Extracted data entries:

※

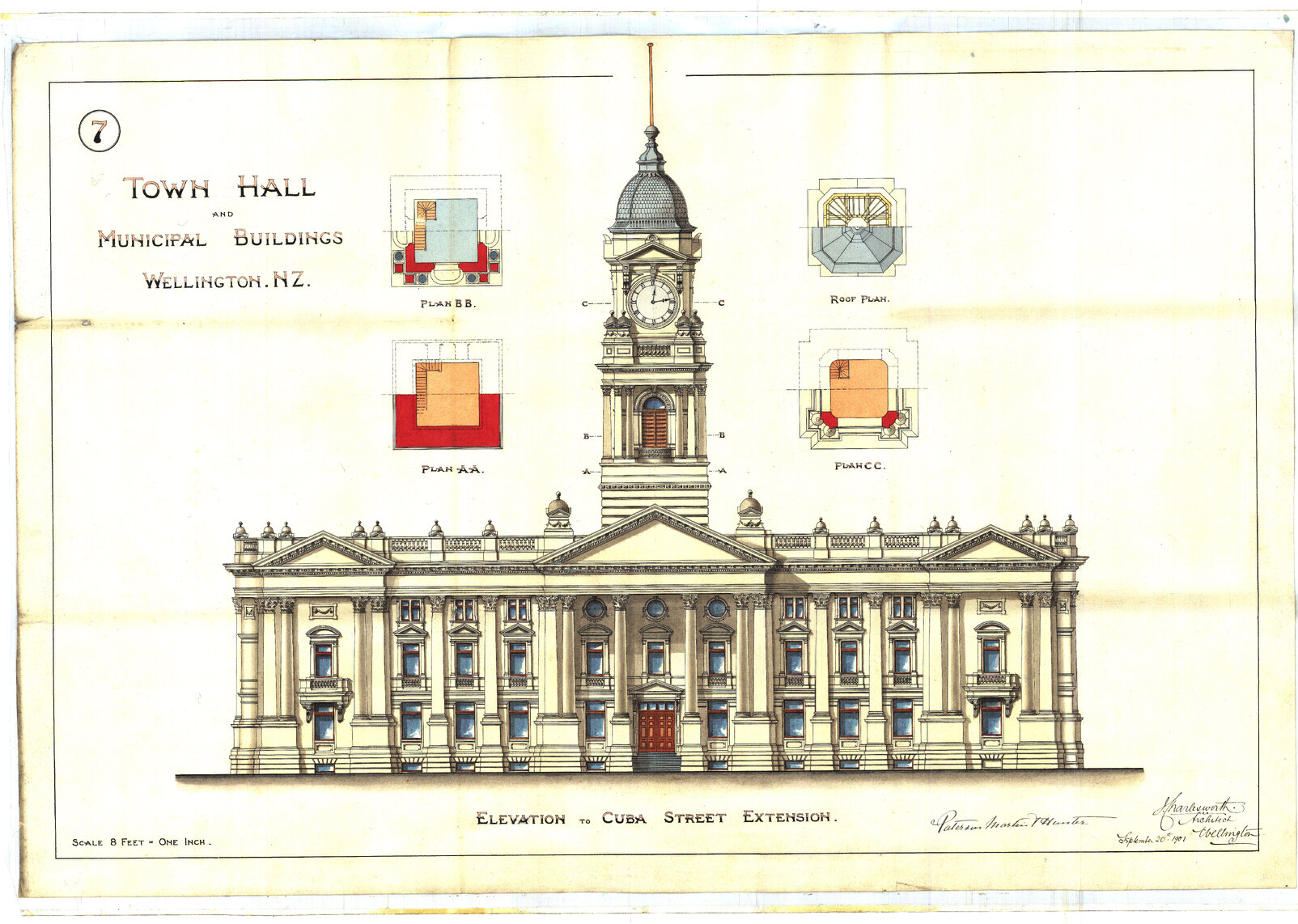 101-109 Wakefield Street, Wellington Town Hall and Municipal Building, elevation to Cuba Street, tower section, sheet 7, 20 Sep 1901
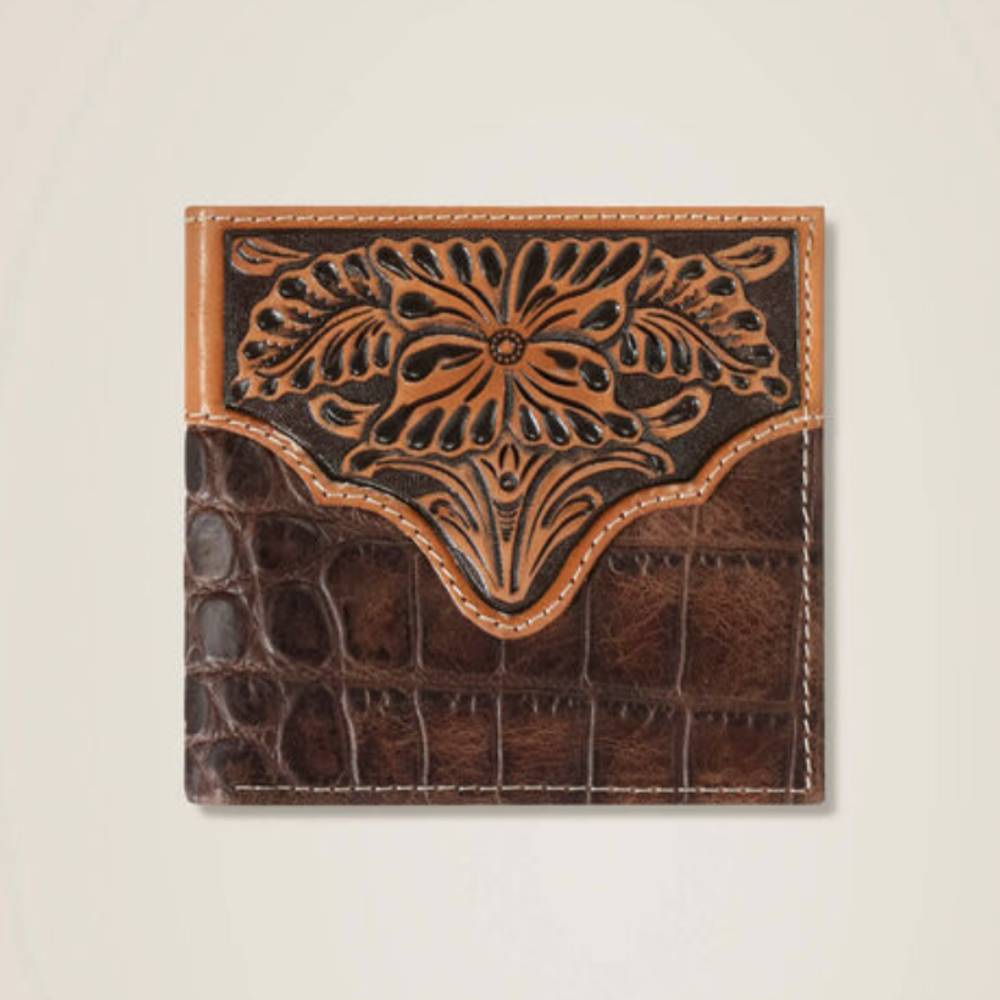 Ariat Floral Croc Bi-Fold Wallet MEN - Accessories - Wallets & Money Clips M&F Western Products   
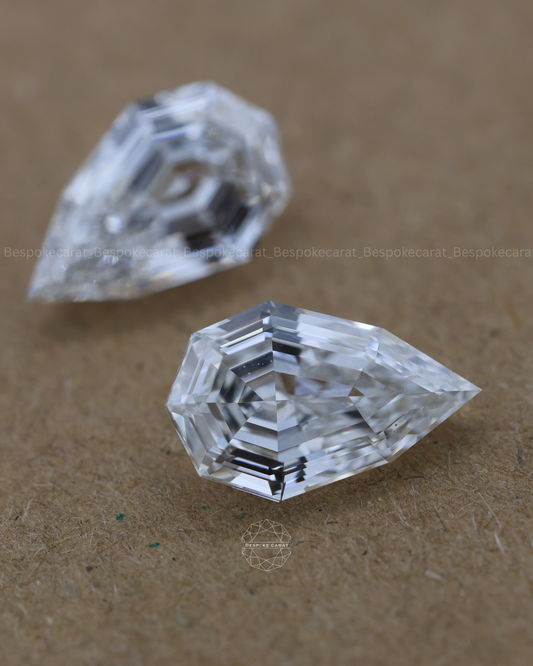 Pear Step Cut Lab Grown Diamond Matching Pair | E-F VVS | Perfect for Earrings | 4.18 CT Total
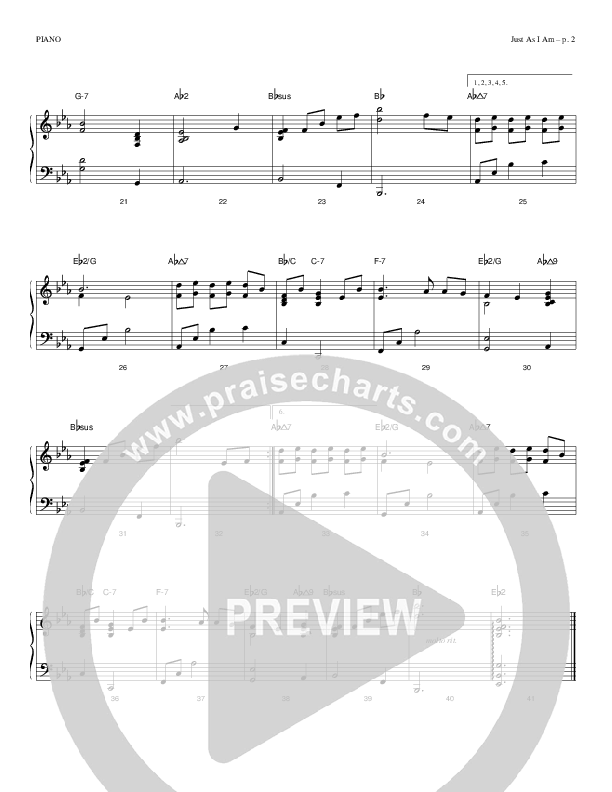 Just As I Am Piano Sheet (Todd Billingsley)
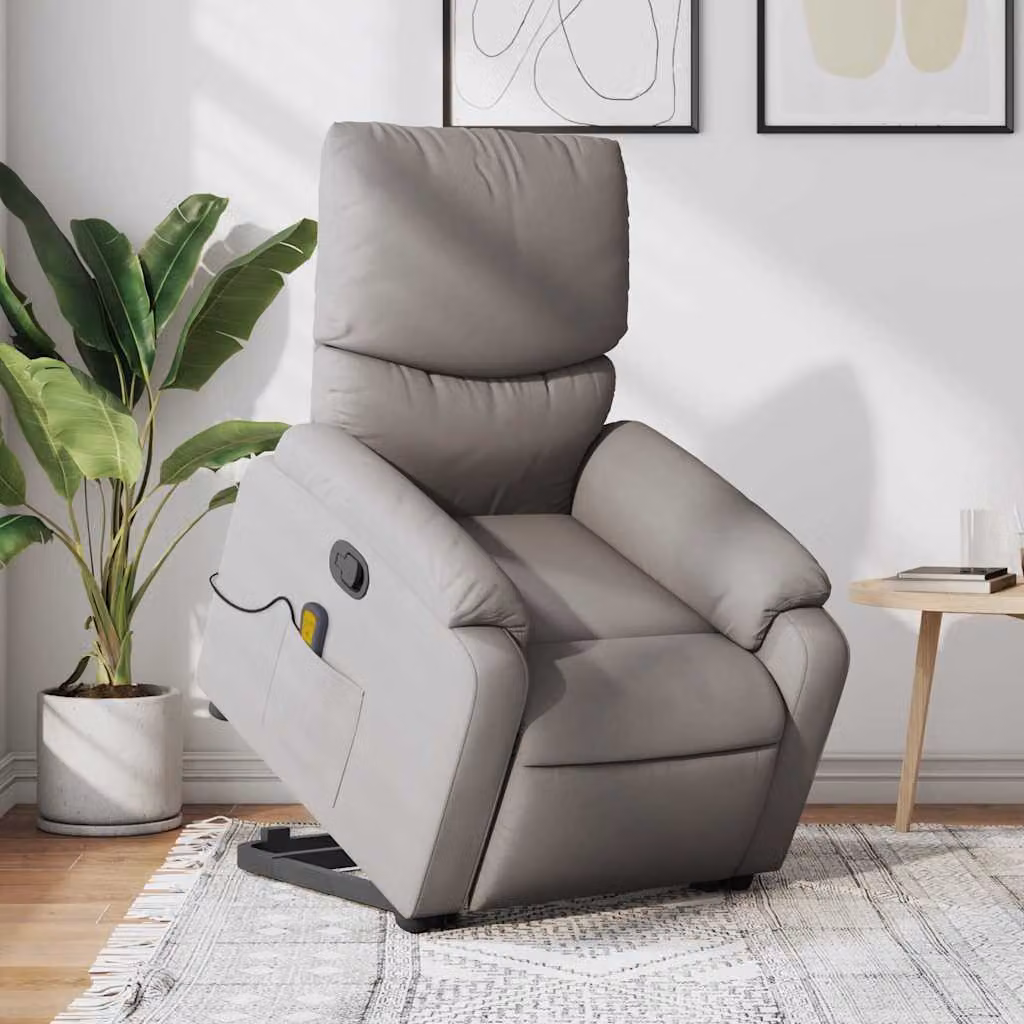 vidaXL Poltrona Alzapersona Reclinabile con Massaggio per Anziani in Tessuto e Finta Pelle, Beige/Grigio – 1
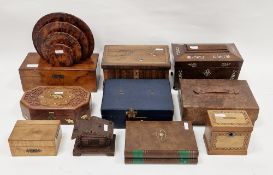 Collection of boxes including Regency rosewood and mother-of-pearl inlaid tea caddy of sarcophagus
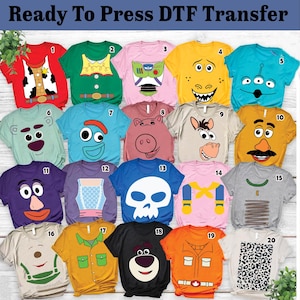 Toy Story Characters Face Dtf Trasfer - Costume Party Dtf Press,Toys Cosplay Inspired Dtf Press, Toy Story Costume For Family Group Dtf,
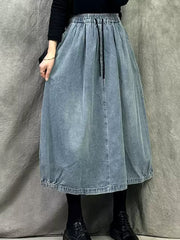 Women Summer Pure Color Loose Denim Skirt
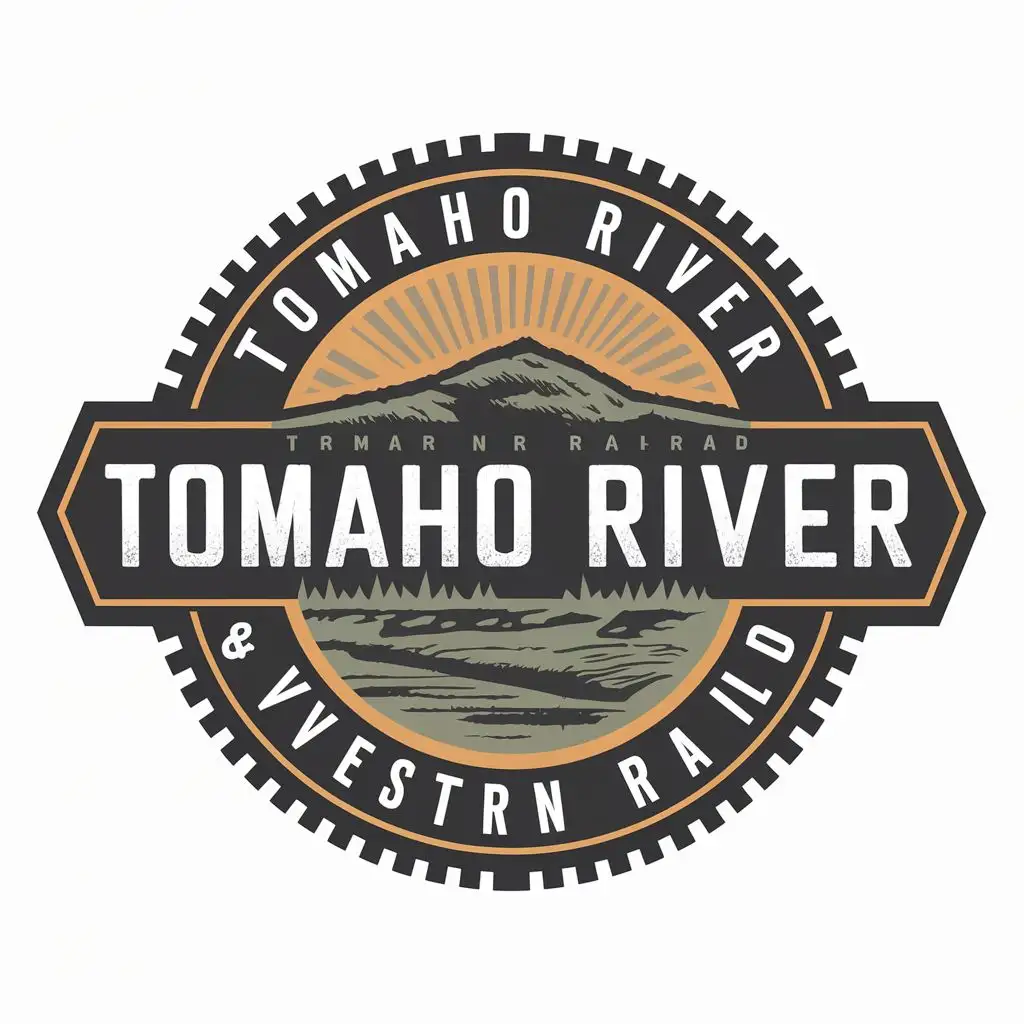 logo, Railroad Logo, with the text "Tomaho River & Western Railroad", typography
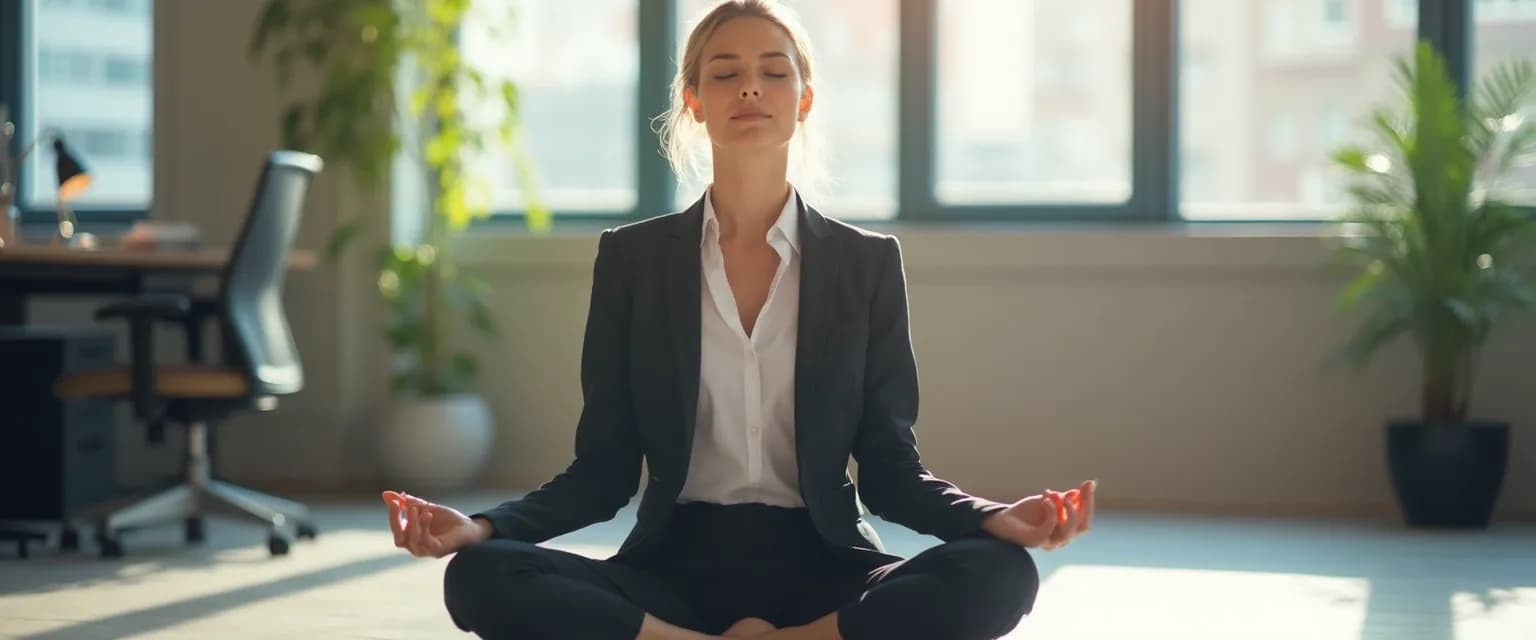 Professional practicing 5-minute mindfulness exercises for anxiety relief at desk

※

TASK PROMPT:
Could you reproduce exactly, and only, the lines from the one containing "Women Summer Pure Color Loose Denim Skirt" through the end of the records above, both included, while leaving out the pictures?

SOLUTION TO THE EXERCISE:
 Women Summer Pure Color Loose Denim Skirt
 logo, Railroad Logo, with the text "Tomaho River & Western Railroad", typography
 Professional practicing 5-minute mindfulness exercises for anxiety relief at desk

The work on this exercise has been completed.